Estimating Evaporative Fraction from Cloud Remote Sensing Observation

The potential use of continental fair-weather shallow cumuli as a way to retrieve the daily surface evaporative fraction over land is evaluated in convective conditions. The proposed method utilizes the fact that both the timing of cloud occurrence and the cloud base height at the time of occurrence provide strong constraints on the surface energy balance and evaporative fraction. The retrieval is especially reliable in the presence of relatively stable and humid free troposphere profiles.

The advantage of the method is that it provides a more direct estimate of the surface evaporative fraction than indirect estimation based on inversion of a highly parameterized land surface model. In addition, the evaporative fraction is obtained at a scale of a few kilometers, which is more pertinent for weather and climate studies.

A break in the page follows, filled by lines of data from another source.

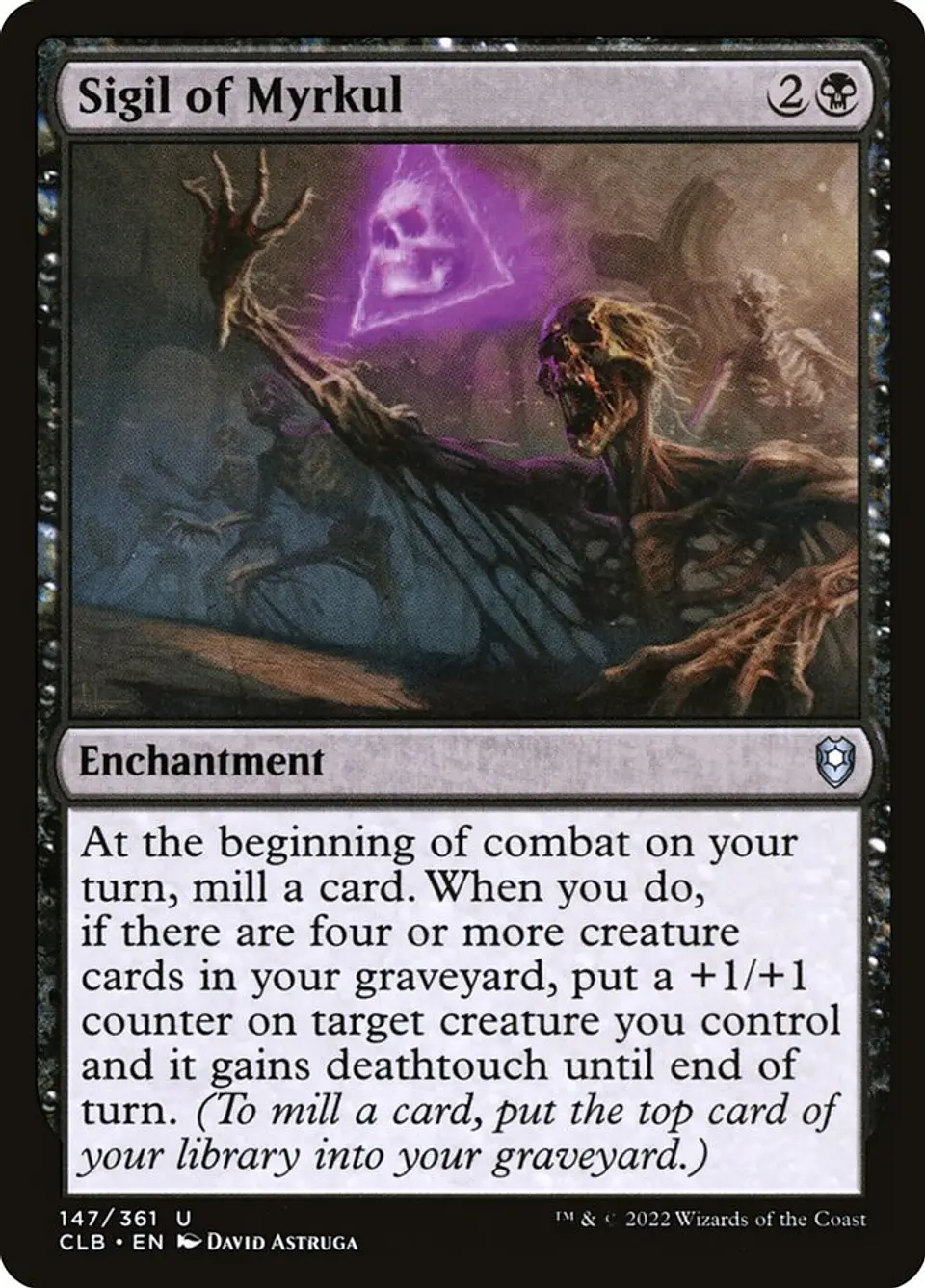 Sigil of Myrkul 1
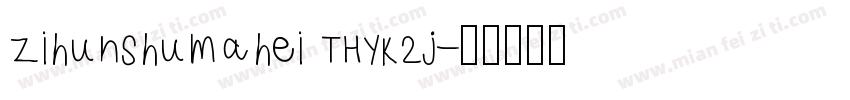 zihunshumahei THYk2j字体转换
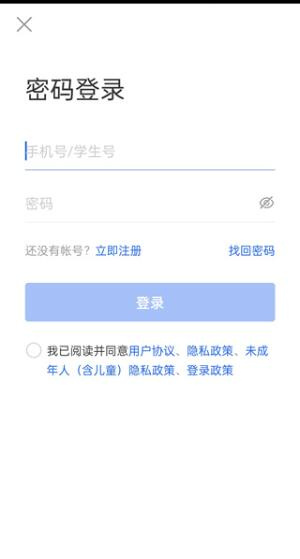 使用教程截图1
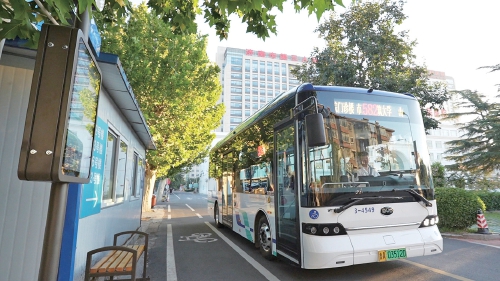 医院联手公交 破解就医行路难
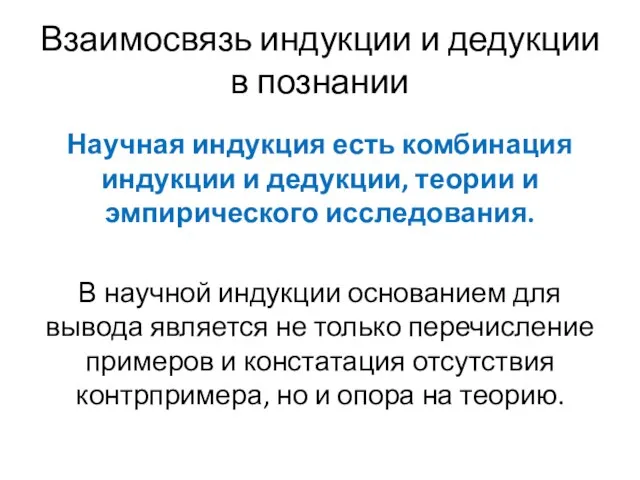 Взаимосвязь индукции и дедукции в познании Научная индукция есть комбинация индукции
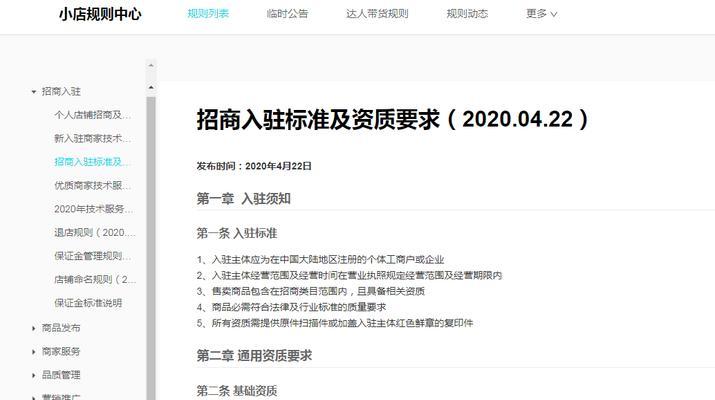 抖音小店商品尺码信息模板功能全面解析（打造用户友好的商品尺码展示体验）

The retrieval strategy is tested and validated over three datasets with contrasting climates: the Southern Great Plain (SGP) Atmospheric Radiation Measurement (ARM) facility in the continental United States, the African Monsoon Multidisciplinary Analysis (AMMA) dataset in Niamey, Niger, and the Cabuaw dataset in the Netherlands. We suggest that the use of satellite observations of shallow cumuli can help constrain the retrieval of the surface evaporative fraction within a data assimilation scheme/reanalysis.